“松坂バッテリー”の癖発見も…声は「届いていませんでした」 伝説死闘から26年、新たな真実
PL学園戦に登板した当時横浜高の松坂大輔【写真提供:産経新聞社】8回に正捕手が負傷…交代要員は公式戦初出場の2年生
第106回全国高等学校野球選手権大会が7日に開幕する。毎年のようにドラマが生まれるなかで、1998年大会の準々決勝、PL学園-横浜高戦は延長17回に及ぶ激闘で、現在でも語り継がれる名勝負となっている。当時のPL学園のエースだったフリーアナウンサーの上重聡氏がFull-Countのインタビューに応じ、「打倒・松坂大輔」に燃えた夏を回顧した。
8月19日、3回戦第3試合の佐賀学園戦で1失点完投勝利を挙げた上重氏は夕方に宿舎に戻り体を休めていると、慌ただしく準備を整えて飛び出していく野手陣の姿を見た。聞けば「今からPLの寮に帰って松坂対策の練習をしてくる」という。
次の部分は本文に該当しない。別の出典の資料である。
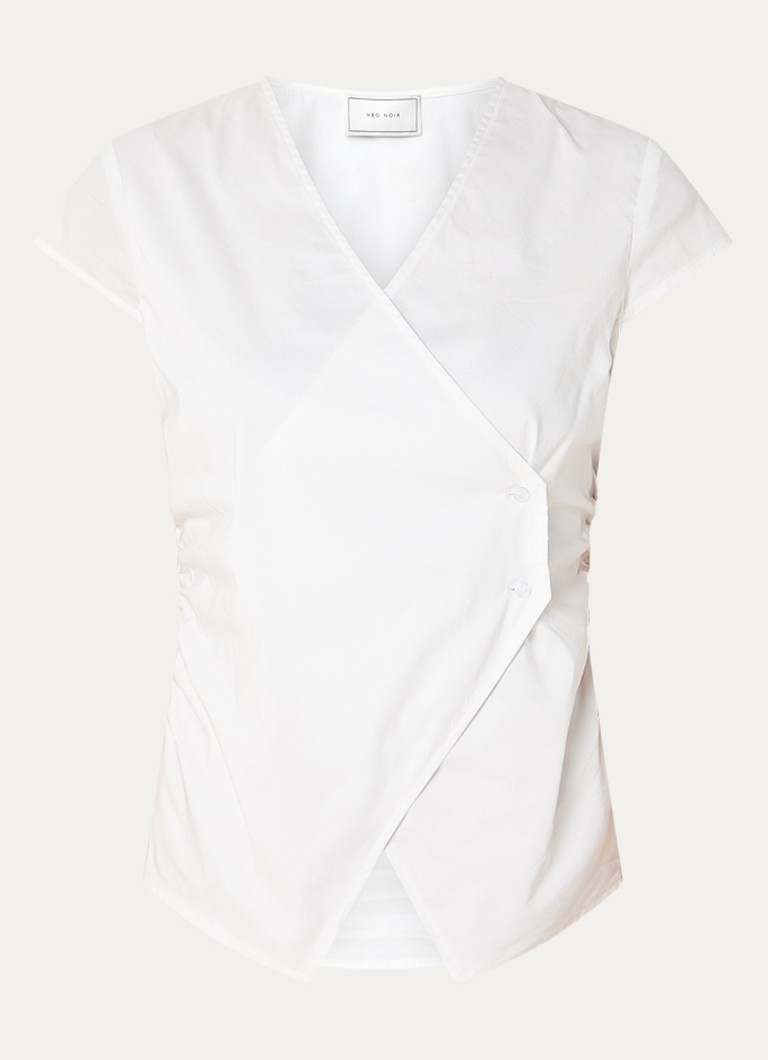 Neo Noir Dames Fidi wikkel top met smockwerk in de kleur Wit, maat: 40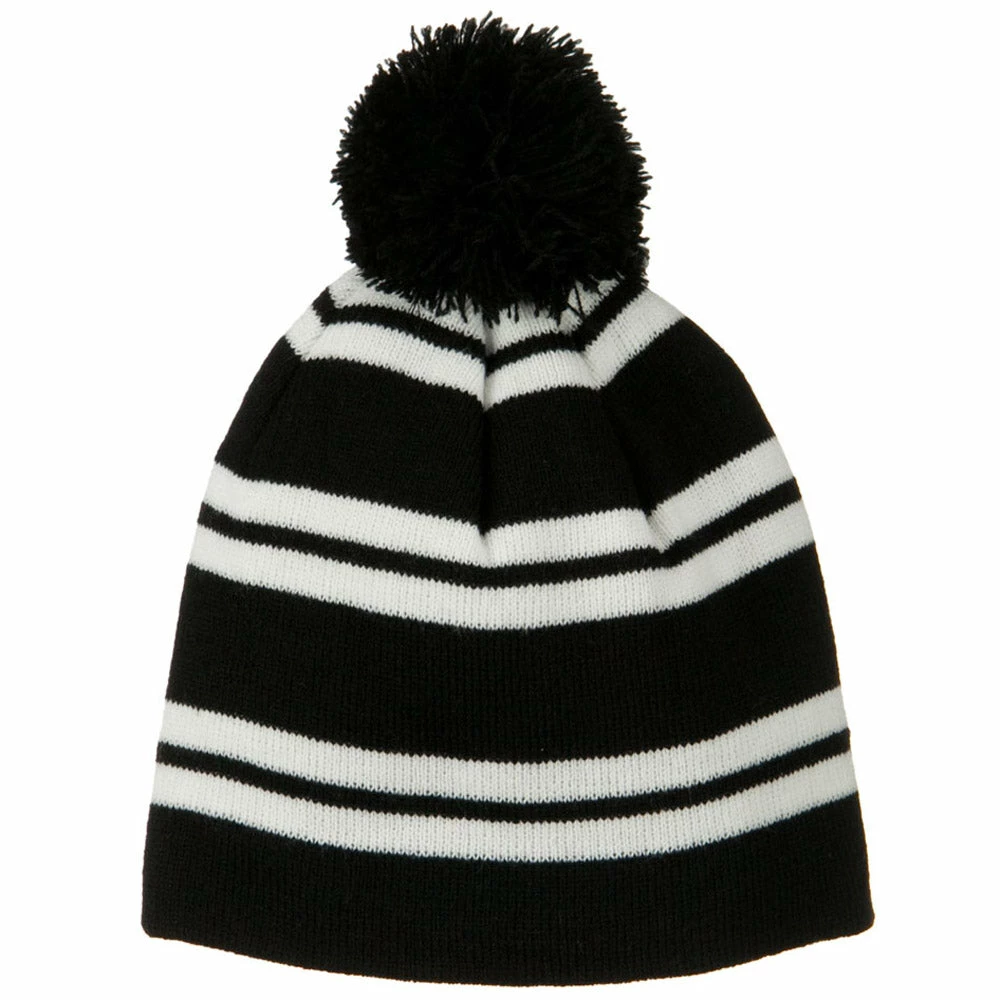 Outdoor Jacquard White Stripe Knit Beanie With Pom - Image 17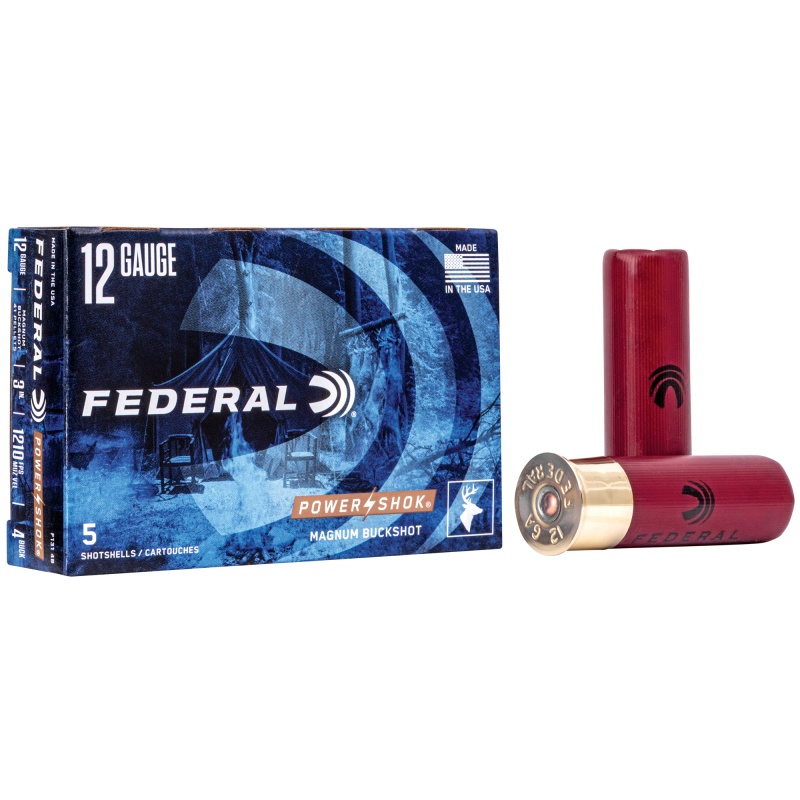 Federal, Powershok, 12 Gauge, 3", 4 Buck, Mag Dram, Buckshot, 41 Pellets, 5 Round Box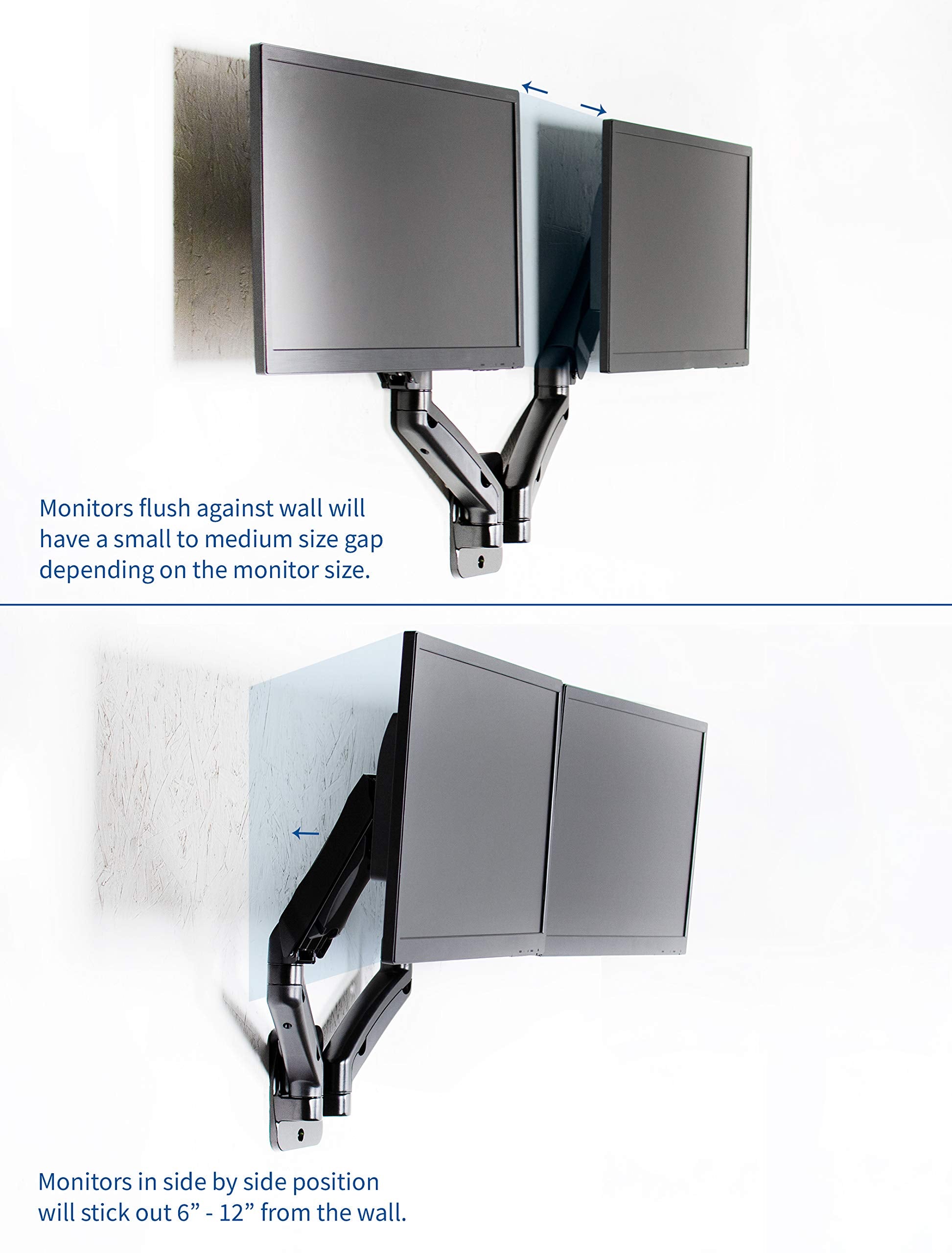 VIVO Height Adjustable Pneumatic Extended Arm Dual Monitor Wall Mount Full Motion Articulating, Fits 2 Screens 17 to 32 inches, Black, MOUNT V002G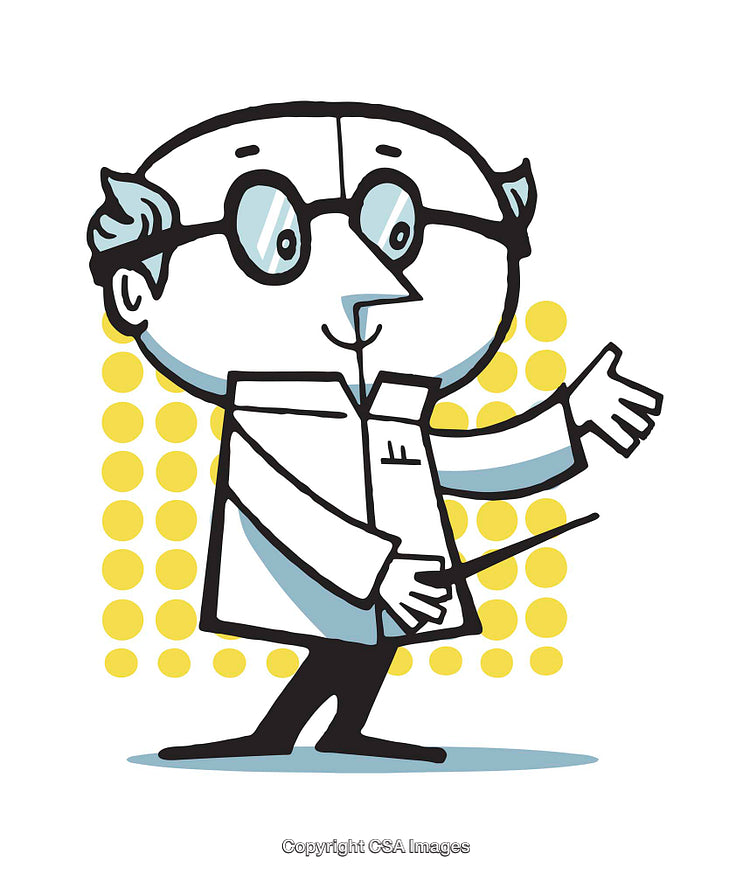 Cartoon Scientist Illustration with Glasses and Stick on Yellow Dotted Background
宿舎から寮まではバスで1時間弱。準決勝は翌20日の第1試合で午前4時起き。「“今から?”と驚きました」。
春の選抜の準決勝で初対戦し2-3で惜敗した。スコアだけ見れば接戦も、松坂の投球の前に「完全に力負け。圧倒された」と自信を打ち砕かれた敗戦だった。その瞬間からPL学園の「打倒・松坂大輔」が始まった。深夜の緊急特訓ではメンバーから漏れた投手陣が10メートルほど手前から野手に向かってビュンビュンと投げ続けた。「松坂の速球に目を慣らすために」。再び宿舎に戻ったのは午前0時頃だったという。
初回、先頭打者の2年生、田中一徳は遊ゴロに倒れたもののベンチに戻るや「先輩、いけますよ!」。上重氏は心の中で「お前、アウトやん」とツッコミつつも、2回に打線がつながった。松坂から4安打や犠打を絡めて3点を奪ったのだ。ここまでの3試合を1人で投げ抜き、1失点しかしていなかった松坂から3得点。「まさに有言実行で、仲間たちをカッコいいと思いました」。